━━━━━ INPUT FOR THIS TASK
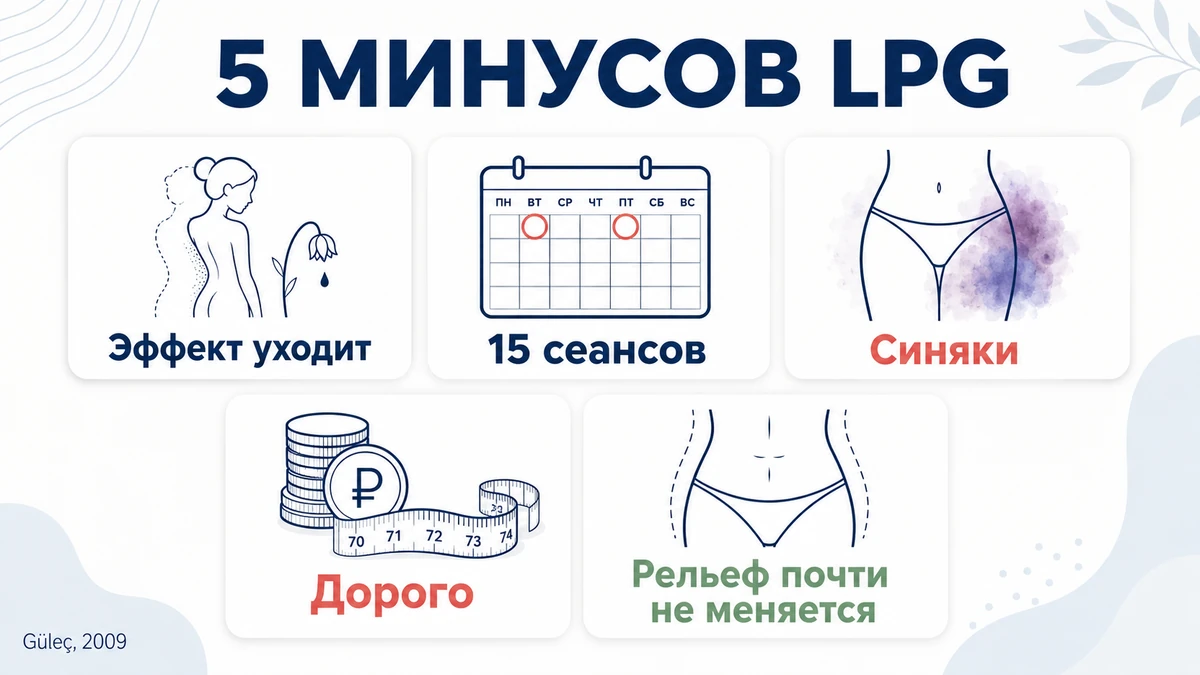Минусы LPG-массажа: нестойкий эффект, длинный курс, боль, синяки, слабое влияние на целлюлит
━━━━━━━━━━
━━━━━ INPUT FOR THIS TASK
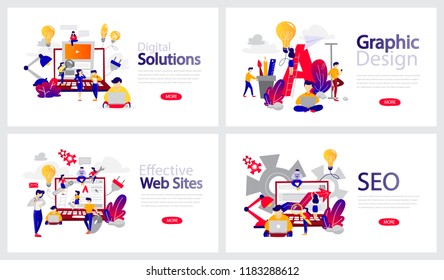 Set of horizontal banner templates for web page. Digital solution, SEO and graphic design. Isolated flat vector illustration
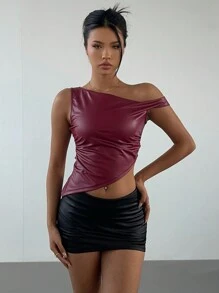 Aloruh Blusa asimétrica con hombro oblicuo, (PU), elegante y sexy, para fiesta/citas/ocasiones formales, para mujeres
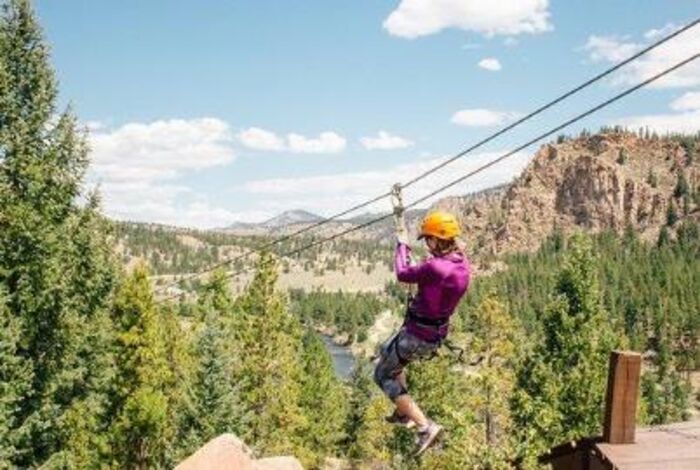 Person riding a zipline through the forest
━━━━━━━━━━
WHAT TO WORK ON: The reply should hold the entries above from the line with "Aloruh Blusa asimétrica" to the line with "Person riding a zipline through the forest", duplicated exactly, pictures excluded.

RESULT FOR THIS TASK:
 Aloruh Blusa asimétrica con hombro oblicuo, (PU), elegante y sexy, para fiesta/citas/ocasiones formales, para mujeres
 Person riding a zipline through the forest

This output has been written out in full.